[Brief descriptive captions]
--- START ---
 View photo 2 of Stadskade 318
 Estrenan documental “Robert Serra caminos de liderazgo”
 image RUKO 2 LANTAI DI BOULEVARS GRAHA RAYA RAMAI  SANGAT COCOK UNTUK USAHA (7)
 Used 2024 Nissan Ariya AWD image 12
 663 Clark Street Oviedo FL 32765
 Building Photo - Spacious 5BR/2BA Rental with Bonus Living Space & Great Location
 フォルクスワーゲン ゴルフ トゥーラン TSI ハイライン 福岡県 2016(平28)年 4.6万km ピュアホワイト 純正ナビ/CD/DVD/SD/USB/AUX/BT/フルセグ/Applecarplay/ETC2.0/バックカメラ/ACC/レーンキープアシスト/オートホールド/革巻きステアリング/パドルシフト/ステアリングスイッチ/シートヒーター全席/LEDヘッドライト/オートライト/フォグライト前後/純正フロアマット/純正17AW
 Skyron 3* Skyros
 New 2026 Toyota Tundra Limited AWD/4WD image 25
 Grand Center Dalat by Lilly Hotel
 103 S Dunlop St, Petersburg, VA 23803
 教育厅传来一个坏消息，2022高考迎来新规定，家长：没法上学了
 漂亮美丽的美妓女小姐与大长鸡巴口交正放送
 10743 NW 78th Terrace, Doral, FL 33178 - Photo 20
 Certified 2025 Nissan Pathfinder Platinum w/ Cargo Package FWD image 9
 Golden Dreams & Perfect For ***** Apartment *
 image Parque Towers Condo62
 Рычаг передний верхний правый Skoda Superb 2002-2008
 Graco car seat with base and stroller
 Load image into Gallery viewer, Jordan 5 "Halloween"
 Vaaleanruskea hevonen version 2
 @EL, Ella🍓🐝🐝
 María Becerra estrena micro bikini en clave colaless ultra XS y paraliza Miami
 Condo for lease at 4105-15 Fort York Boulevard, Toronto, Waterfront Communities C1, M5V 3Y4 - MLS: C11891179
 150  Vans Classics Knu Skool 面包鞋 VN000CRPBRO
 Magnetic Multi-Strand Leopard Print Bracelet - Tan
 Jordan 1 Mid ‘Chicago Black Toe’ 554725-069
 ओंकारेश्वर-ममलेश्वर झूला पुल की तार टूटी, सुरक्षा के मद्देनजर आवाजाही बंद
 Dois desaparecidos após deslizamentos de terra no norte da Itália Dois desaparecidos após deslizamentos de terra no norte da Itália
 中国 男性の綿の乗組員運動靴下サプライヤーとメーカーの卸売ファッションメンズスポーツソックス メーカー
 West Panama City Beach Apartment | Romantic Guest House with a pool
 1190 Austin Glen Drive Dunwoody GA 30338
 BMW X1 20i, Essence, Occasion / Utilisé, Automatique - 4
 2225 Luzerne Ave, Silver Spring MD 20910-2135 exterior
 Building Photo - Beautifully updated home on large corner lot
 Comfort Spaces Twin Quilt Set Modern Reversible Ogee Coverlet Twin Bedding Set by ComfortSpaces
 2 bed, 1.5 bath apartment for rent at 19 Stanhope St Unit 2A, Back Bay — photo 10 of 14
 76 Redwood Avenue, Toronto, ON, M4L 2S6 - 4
--- END ---
## Exercise prompt
Look above for the line that holds "Condo for lease", then copy it and each line after it exactly, through the last line of the data.

## Response below
 Condo for lease at 4105-15 Fort York Boulevard, Toronto, Waterfront Communities C1, M5V 3Y4 - MLS: C11891179
 150  Vans Classics Knu Skool 面包鞋 VN000CRPBRO
 Magnetic Multi-Strand Leopard Print Bracelet - Tan
 Jordan 1 Mid ‘Chicago Black Toe’ 554725-069
 ओंकारेश्वर-ममलेश्वर झूला पुल की तार टूटी, सुरक्षा के मद्देनजर आवाजाही बंद
 Dois desaparecidos após deslizamentos de terra no norte da Itália Dois desaparecidos após deslizamentos de terra no norte da Itália
 中国 男性の綿の乗組員運動靴下サプライヤーとメーカーの卸売ファッションメンズスポーツソックス メーカー
 West Panama City Beach Apartment | Romantic Guest House with a pool
 1190 Austin Glen Drive Dunwoody GA 30338
 BMW X1 20i, Essence, Occasion / Utilisé, Automatique - 4
 2225 Luzerne Ave, Silver Spring MD 20910-2135 exterior
 Building Photo - Beautifully updated home on large corner lot
 Comfort Spaces Twin Quilt Set Modern Reversible Ogee Coverlet Twin Bedding Set by ComfortSpaces
 2 bed, 1.5 bath apartment for rent at 19 Stanhope St Unit 2A, Back Bay — photo 10 of 14
 76 Redwood Avenue, Toronto, ON, M4L 2S6 - 4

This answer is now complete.